BRIEF: Beneath this task are records; print exactly the stretch of them from the line with "Обшивка кабіни вантажівки" through the line with "1972 Cadillac Eldorado Convertible", both ends included.

Caption-style text data:
>>>>>

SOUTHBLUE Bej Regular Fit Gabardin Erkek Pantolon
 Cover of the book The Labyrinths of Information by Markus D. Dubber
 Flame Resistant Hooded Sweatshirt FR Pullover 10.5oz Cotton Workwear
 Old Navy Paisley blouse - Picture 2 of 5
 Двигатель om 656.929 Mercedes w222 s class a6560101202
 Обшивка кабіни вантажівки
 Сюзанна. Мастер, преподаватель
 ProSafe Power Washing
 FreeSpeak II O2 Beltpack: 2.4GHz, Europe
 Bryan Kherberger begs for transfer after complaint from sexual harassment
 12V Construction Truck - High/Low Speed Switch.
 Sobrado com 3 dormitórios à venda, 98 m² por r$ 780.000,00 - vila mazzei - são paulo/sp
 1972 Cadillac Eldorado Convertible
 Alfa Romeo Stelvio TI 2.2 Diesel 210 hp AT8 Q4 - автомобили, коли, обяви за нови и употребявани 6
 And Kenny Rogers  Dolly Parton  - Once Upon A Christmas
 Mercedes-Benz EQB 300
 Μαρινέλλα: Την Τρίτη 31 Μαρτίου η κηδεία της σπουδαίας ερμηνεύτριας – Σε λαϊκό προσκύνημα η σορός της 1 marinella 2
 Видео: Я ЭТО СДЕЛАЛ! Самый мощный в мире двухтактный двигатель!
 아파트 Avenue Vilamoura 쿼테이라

<<<<<

SOLVED EXERCISE:
 Обшивка кабіни вантажівки
 Сюзанна. Мастер, преподаватель
 ProSafe Power Washing
 FreeSpeak II O2 Beltpack: 2.4GHz, Europe
 Bryan Kherberger begs for transfer after complaint from sexual harassment
 12V Construction Truck - High/Low Speed Switch.
 Sobrado com 3 dormitórios à venda, 98 m² por r$ 780.000,00 - vila mazzei - são paulo/sp
 1972 Cadillac Eldorado Convertible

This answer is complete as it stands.